Data for this exercise:
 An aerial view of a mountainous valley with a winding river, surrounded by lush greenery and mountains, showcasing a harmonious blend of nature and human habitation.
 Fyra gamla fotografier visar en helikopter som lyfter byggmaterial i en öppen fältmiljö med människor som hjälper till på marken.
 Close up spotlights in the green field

* * *

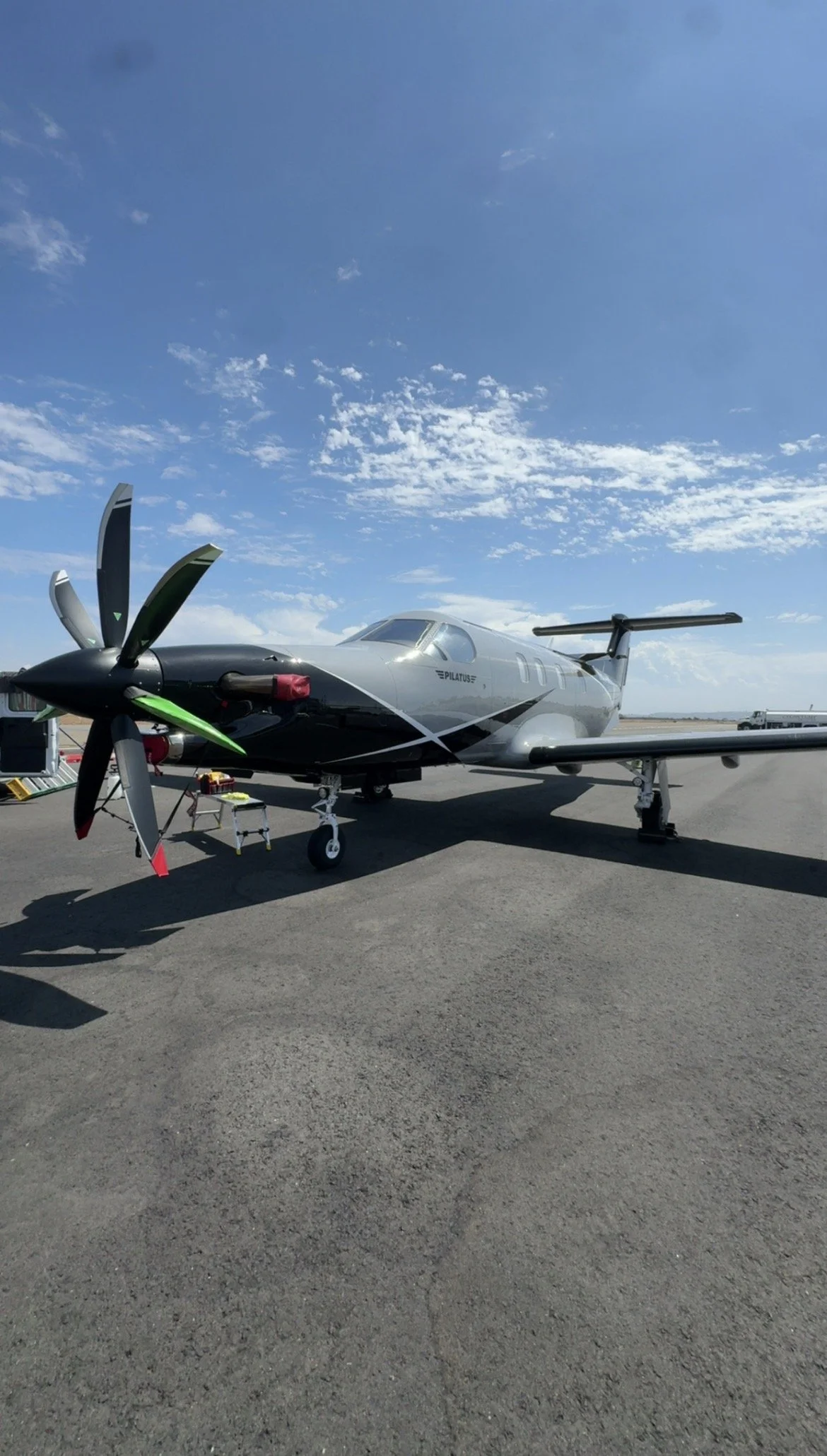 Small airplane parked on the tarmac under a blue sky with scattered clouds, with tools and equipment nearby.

About this exercise:
In the listing above, find the line with "An aerial view" and the line with "Close up spotlights in the green field"; set down exactly those two lines and every line between them, nothing more.

Response to this exercise:
 An aerial view of a mountainous valley with a winding river, surrounded by lush greenery and mountains, showcasing a harmonious blend of nature and human habitation.
 Fyra gamla fotografier visar en helikopter som lyfter byggmaterial i en öppen fältmiljö med människor som hjälper till på marken.
 Close up spotlights in the green field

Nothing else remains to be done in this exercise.